The answer is that, like in the sales tax example, the taxed entity has the ability and incentive to pass the tax downstream. How does this matter to subsidies? For subsidies, the effect is inverted. The subsidized entity has an incentive to retain as much of the subsidy for themselves and pass as little of it down to their customers.

To understand this, consider a hypothetical: In a bizarro world, the federal government creates a subsidy for energy policy analysis, and identifies Philip Rossetti as the sole entity that should receive a $100k subsidy for producing energy policy analysis. Now would I have to pass that value onto my employer, R Street? No, because R Street’s willingness to pay for analysis is unchanged, and presumably, they would still be willing to pay my current salary. Under this scenario, I keep all the government cheese for myself.

Now consider the above hypothetical, but instead the government offers a $100k subsidy to every energy policy analyst. Under this scenario, my incentive would be to pass some, or all the value of the subsidy onto R Street so that I would be the more attractive hire compared to other energy policy analysts. Under this scenario, R Street receives most or all the subsidy.

Note that the primary distinction is competition. Or more accurately, the elasticity on either the supply or demand side of the equation. If there is only one subsidized seller and many potential buyers, the seller gets to keep the subsidy; invert it with many subsidized sellers and few buyers and it’s the buyers who get the subsidy. Just as a taxed firm seeks to pass the tax downstream if possible, subsidized firms seek to retain the subsidy value. This is why subsidy and tax design is so important to achieve intended effects.

Returning to the topic of energy subsidies, because it is energy investors that are the direct recipients of the subsidy, they need only pass the value of the subsidy down to energy consumers when market conditions—i.e., the presence of competition—force them to reduce costs to retain market share. In other words, the effectiveness of a subsidy in reducing costs is dependent upon many factors, and policymakers should not assume subsidies will always have the hoped-for effect.

It would require deeper analysis to say exactly how much of energy subsidies are effectively reducing costs, but policymakers and analysts should appreciate that it is unlikely that the subsidies are being fully passed onto consumers. Additionally, there is another factor to consider which is what happens on the other side of the tax policy equation: The negative economic effect that comes from increasing taxes to pay for subsidies.

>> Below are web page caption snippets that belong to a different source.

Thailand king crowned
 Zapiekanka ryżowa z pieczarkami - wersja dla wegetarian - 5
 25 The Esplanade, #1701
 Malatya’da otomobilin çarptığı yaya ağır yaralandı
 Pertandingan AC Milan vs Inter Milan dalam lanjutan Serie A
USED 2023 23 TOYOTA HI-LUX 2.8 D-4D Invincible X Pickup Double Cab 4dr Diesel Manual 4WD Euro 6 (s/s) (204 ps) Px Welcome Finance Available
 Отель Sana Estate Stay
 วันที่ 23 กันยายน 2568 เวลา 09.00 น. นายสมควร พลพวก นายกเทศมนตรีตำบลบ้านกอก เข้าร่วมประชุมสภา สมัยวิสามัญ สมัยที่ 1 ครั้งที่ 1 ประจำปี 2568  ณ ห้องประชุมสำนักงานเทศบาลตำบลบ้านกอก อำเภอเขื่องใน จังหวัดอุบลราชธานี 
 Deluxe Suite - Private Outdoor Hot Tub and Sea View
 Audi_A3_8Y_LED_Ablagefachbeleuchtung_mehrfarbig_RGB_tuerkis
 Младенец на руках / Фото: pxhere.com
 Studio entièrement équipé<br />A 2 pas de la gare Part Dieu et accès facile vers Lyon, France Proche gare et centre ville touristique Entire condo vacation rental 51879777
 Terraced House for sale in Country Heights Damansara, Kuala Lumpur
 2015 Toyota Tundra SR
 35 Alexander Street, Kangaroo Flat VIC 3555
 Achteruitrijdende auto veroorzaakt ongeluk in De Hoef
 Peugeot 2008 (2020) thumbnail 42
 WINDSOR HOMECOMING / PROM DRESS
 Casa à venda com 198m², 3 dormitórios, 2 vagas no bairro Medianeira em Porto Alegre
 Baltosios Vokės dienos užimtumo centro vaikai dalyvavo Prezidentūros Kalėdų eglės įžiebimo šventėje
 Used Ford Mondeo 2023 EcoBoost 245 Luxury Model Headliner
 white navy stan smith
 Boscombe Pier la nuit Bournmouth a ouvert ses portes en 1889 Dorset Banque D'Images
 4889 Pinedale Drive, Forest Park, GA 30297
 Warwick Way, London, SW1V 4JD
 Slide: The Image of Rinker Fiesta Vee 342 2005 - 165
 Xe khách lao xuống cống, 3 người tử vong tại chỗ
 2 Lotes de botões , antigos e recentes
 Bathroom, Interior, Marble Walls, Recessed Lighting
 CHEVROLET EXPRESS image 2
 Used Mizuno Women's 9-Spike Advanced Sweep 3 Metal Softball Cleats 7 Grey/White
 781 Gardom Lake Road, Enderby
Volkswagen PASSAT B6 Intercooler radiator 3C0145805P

Because a subsidy in and of itself does not reduce the cost to produce a good and merely reduces the price one must charge for it, a reduction in costs from subsidies necessarily entails an equal or greater increase in current or future tax burden. In other words, if a policy grants $1 billion of subsidies to an industry, there must also be $1 billion (or more) of taxes to pay for it. Given that most people who pay for electricity are also taxpayers, there should be some consideration of the net effect, which is likely to vary substantially depending upon where someone lives (and what supplies their electricity) as well as their income and tax rate. As such, we always need to be wary of analyses that look at the effect of a subsidy on an industry in isolation without considering the broader economy-wide effects.

Ultimately, energy subsidies reduce energy costs. But there are still some outstanding questions as to how effective they have been in that regard, and if the current form of subsidy design enables clean energy developers to avoid fully passing the subsidy value onto consumers.